I think it needs to be extended to age 24. There are many foster youth who at 21 are in the middle of making their transition to independence, and it's a shame that we withdraw support at that critical moment.
Will the states be receptive to that?
It's hard to say. The federal government match at 50 cents on the dollar is an incentive. Once they realize that the alternative is going to be more costly in terms of higher rates of homelessness, imprisonment, and welfare dependency, some of the states will recognize that this will be less costly to taxpayers in the long run.
How will the act, if approved by President Bush, affect foster children's education?
There are provisions that allow states to maintain children in their schools during the school year and provide federal funds to cover the cost of transporting children back to their schools if they are unable to find a home within their school district.
What other issues are not covered by this legislation but need attention?
The situation is quite different from what it was 30-40 years ago, when foster care was the primary way in which we dealt with abused and neglected children.
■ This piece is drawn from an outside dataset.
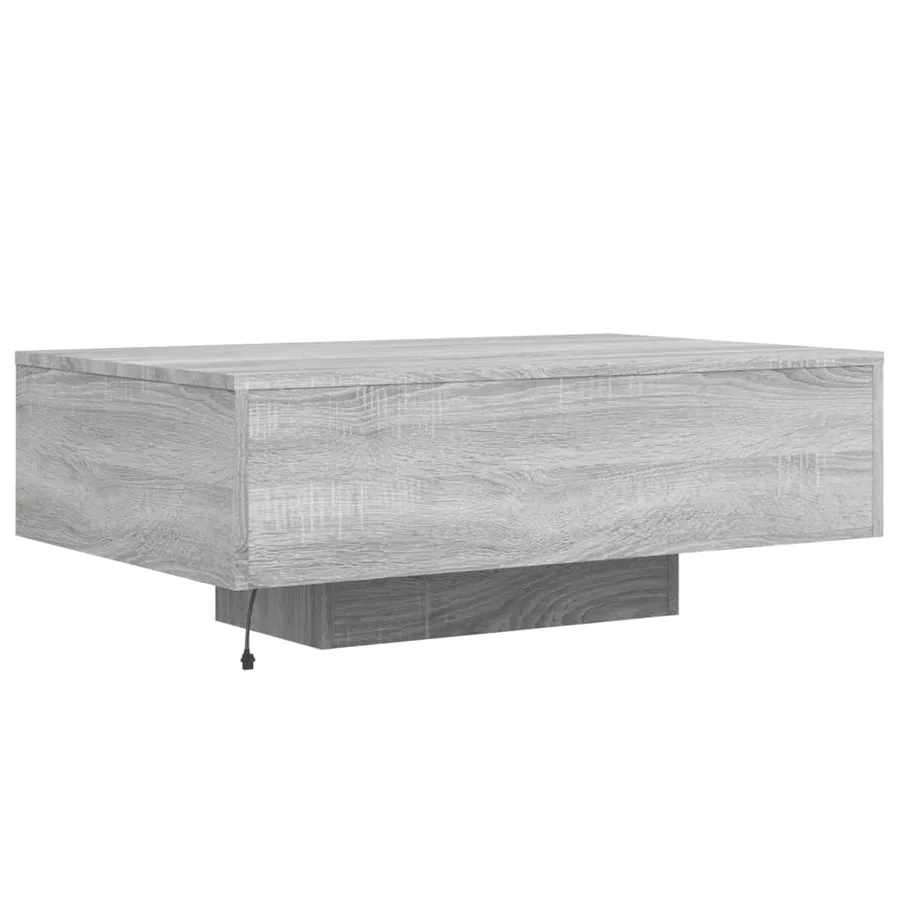 Table basse avec lumières LED sonoma gris 85x55x31 cm - 8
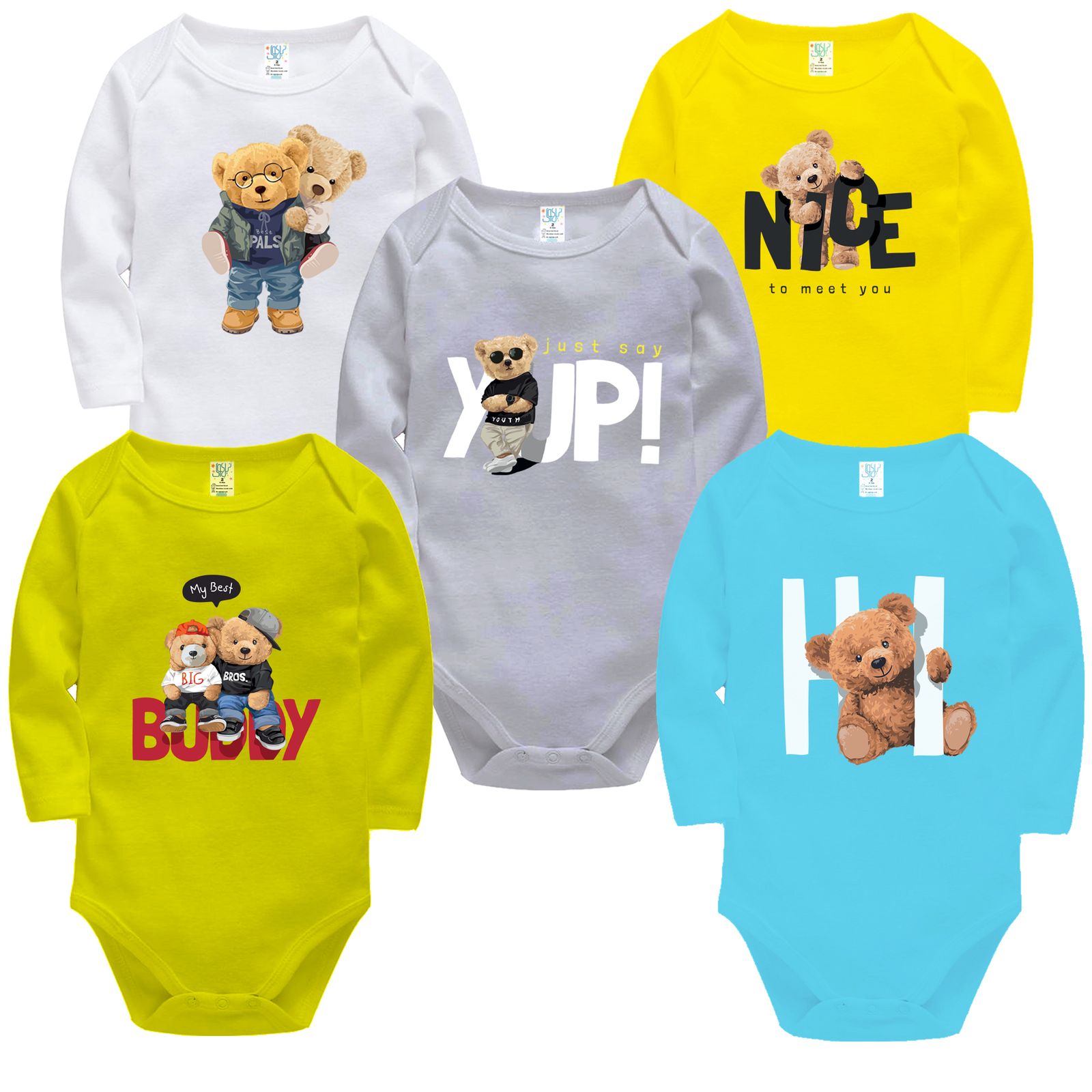 بادی نوزادی نیل کوک مدل Winter Teddy مجموعه 5 عددی - - 1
Now we're dealing with children in permanent settings with adoptive parents or legal guardians.
We need to bring the federal financing policy in line with today's realities to support the small percentage of families who will need ongoing assistance after adoption, after guardianship and after kids age out of the system.
For the 40,000 children in permanent settings in Illinois, about 15-18 percent will need some occasional assistance and maybe 5 percent will need more intensive interventions, such as mental health services.